Whenever we faced prejudice like this, we wondered if we could perhaps complain, report someone, get some justice. But there was never any explicit proof, leaving us feeling gaslighted, and doubting ourselves about whether Justin had done something wrong. Not only was it hard on our marriage, it was hard on my husband: being rejected over and over again damaged Justin’s self-esteem, and made it harder for him to see his self-worth… even though he’d been living with this sort of prejudice for some time.
Officially diagnosed with congenital amputation, an alligator didn’t really take my husband’s arm, but a quirk of nature, played out before even took his first breath. When he emerged as a one-month premature, 4 pound, 11 ounce baby, he also surprised everyone in the delivery room by only having one arm. As he grew, he tried a number of prosthetic arms designed with different purposes in mind, but Justin always preferred to figure out how to get by with the limbs he’d been given.
And that’s something he’s remarkably good at. After 11 years of marriage and over 14 years since that night on the beach in Cuba, I haven’t witnessed many things that my husband can’t do. He drives, he fishes, he swims, he kayaks…. and, with the addition of our son four years ago, I even discovered he could change dirty diapers.
But his abilities were not what recruiters saw at all. Instead of seeing him as more competent and resourceful because of all he could do with one arm, they deemed him unsuitable for his lack of limb. Consequently, he spent many years lurching from one temporary low paying job to the next.
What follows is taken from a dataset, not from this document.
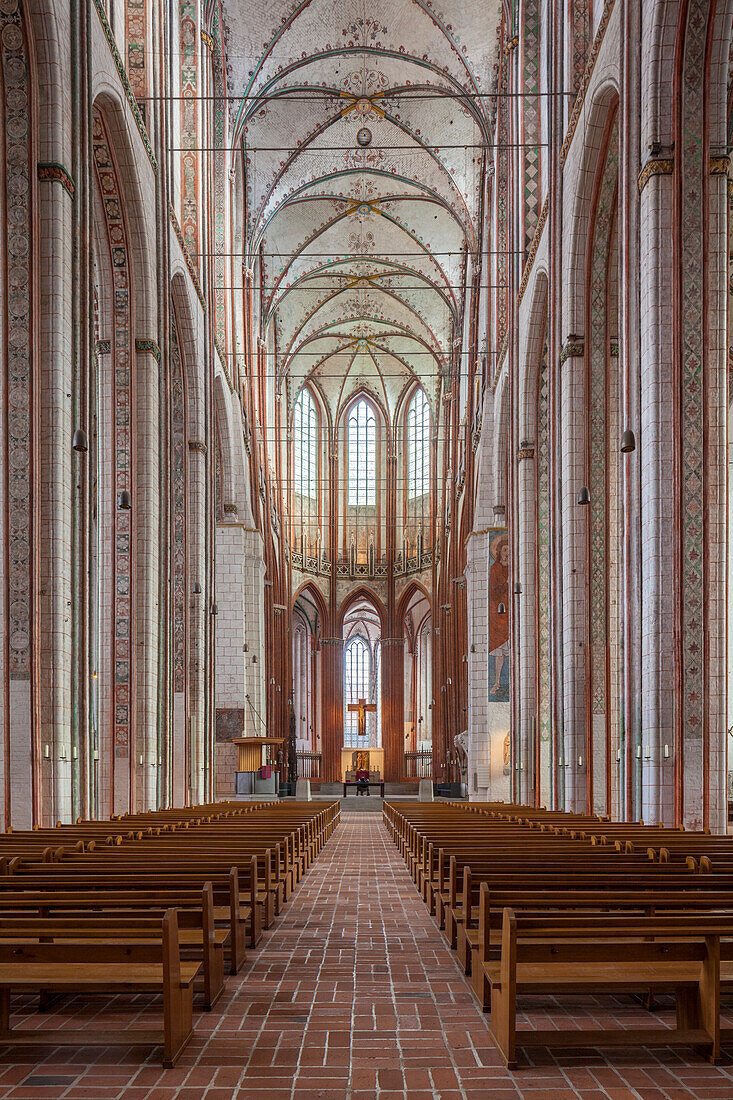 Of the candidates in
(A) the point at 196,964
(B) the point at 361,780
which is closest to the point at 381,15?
(B) the point at 361,780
Instead of seeing him as more competent and resourceful because of all he could do with one arm, they deemed him unsuitable for his lack of limb.
So after our son was born and my writing career blossomed we faced a choice. We could put our son in daycare while Justin tried to find yet another directionless gig, or we could make a change and set him up with a new employer who didn’t care how many arms he had: our son.
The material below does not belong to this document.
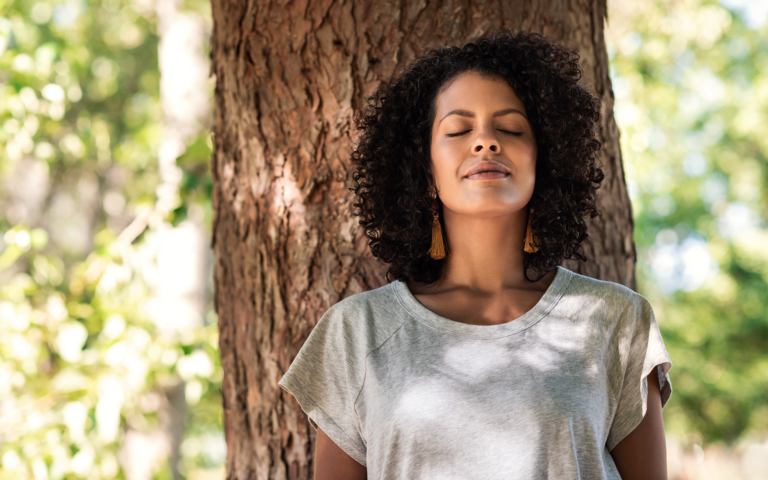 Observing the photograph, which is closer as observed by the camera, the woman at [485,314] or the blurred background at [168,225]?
the woman at [485,314]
Making the choice to become a stay at home dad was relatively easy for Justin. Looking after children is difficult for any full-time parent, but for Justin, the benefits were better than any other job he’d ever had. For my husband, there couldn’t be a better job than spending all day with his son. Sure, he’s not exactly the typical stay-at-home parent: you can’t exactly see him making his own Play-Doh, or attending “Mommy and Me” classes. But if his life has proven anything, Justin could make this role work.
Now, when I’m working, I’ll sometimes be interrupted by excited screams echoing through the house, as the boys fend off an alien attack every bit as vividly imagined as the crocodile attacks and helicopter accidents Justin joked with me about our first weekend together. Or I’ll come down during a break from work, and see a house that looks like fifty kids ran wild through it. And I smile, knowing that my husband has finally found a job he loves.
Sometimes, when I’m working at a coffee shop, he’ll send me a quick text, joking he’s in survival mode. He’ll say: “Our son has a hard head like me, so we’re having a tough day, today.” But we feel lucky, because at least those tough days don’t include being underestimated just because of the body he lives in.
Our son, Justin’s client/boss, knows Daddy has one arm, but he doesn’t see it as a negative. He’ll stick a hand inside his shirt and say, ‘Look, I have one arm, just like Daddy.’ It’s clear from the way he looks at him that he thinks Justin is doing a great job, and so do I.